Monday, July 21, 2014

Robert Altman Study Part 7: The Millionaire


At the same time as his stint at Desilu, Altman became a regular director on The Millionaire, which was already a hit show in its fourth season when he came on board. The premise of the show was that a millionaire named John Beresford Tipton (his face never seen, his voice portrayed by the ubiquitous Paul Frees) would regularly present anonymous million-dollar checks to complete strangers for unknown reasons. Each episode followed his executive secretary, Michael "Not the Bassist for Van Halen" Anthony (Marvin Miller) as he presents the checks and changes the recipients' lives. The premise allowed the tone to shift from melodrama to comedy to crime stories from one week to the next, so each show was essentially a B-movie boiled down to its least interesting essentials. It did include guest spots by a great number of once and future stars, including Dennis Hopper, James Coburn, Tuesday Weld, Agnes Moorehead, Betty White, Vic Morrow, and Charles Bronson.

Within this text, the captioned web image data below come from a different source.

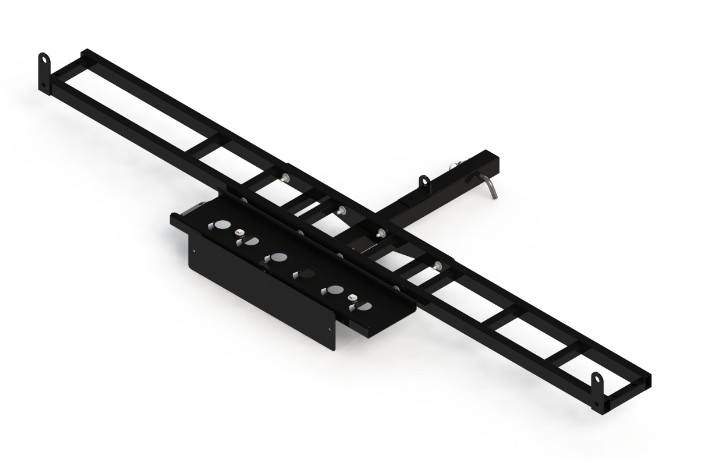 Платформа транспортировочная мотоцикла Storm (на фаркоп) Платформа транспортировочная мотоцикла Storm (на фаркоп)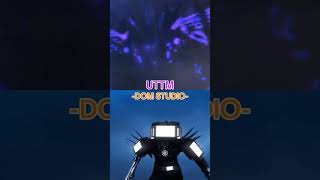 Tri Titan TRUE FORM Vs all Titans dafudboom edit skibiditoilet skibidiwar domstudio virlance [upl. by Morry]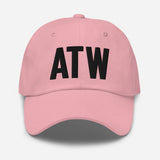 ATW Airport Code Embroidered Dad Hat Appleton Wisconsin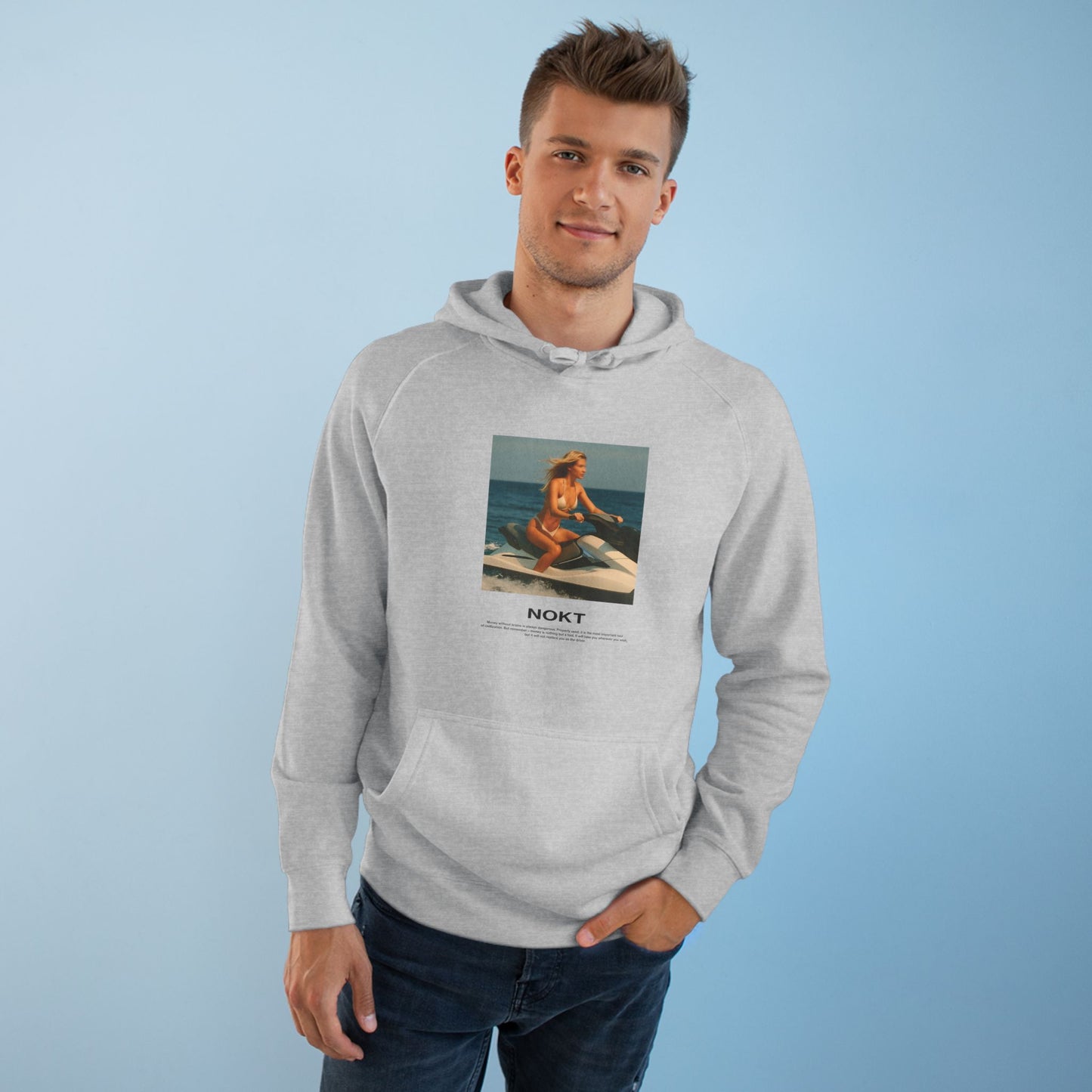 Unisex Jetski Supply Hoodie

As flat as the writing for the show tended to be, this run marks the first time that Altman begins to stand out. The show hasn't been officially released on DVD, but I got my hands on around 80 of its 200 or so episodes, including nine directed by Altman. Without a reliable list of directors by episode I went into each show blind, only finding out the director's name at the end of the episode. More often than not, when a particular episode's visual style made an impression, the name at the end belonged to either Altman or John Brahm, who made several impressive films in the 1940s (The Lodger, Hangover Square) before turning to TV almost exclusively in the '50s and '60s. The show was determinedly square (one of Altman's episodes features a beatnik painter who ultimately shaves his beard, puts on a tie, and admits to hoodwinking the masses with that nonsensical modern art, all for the love of a good woman), but technically the self-contained stories were a fertile ground for experimentation, and Altman took full advantage.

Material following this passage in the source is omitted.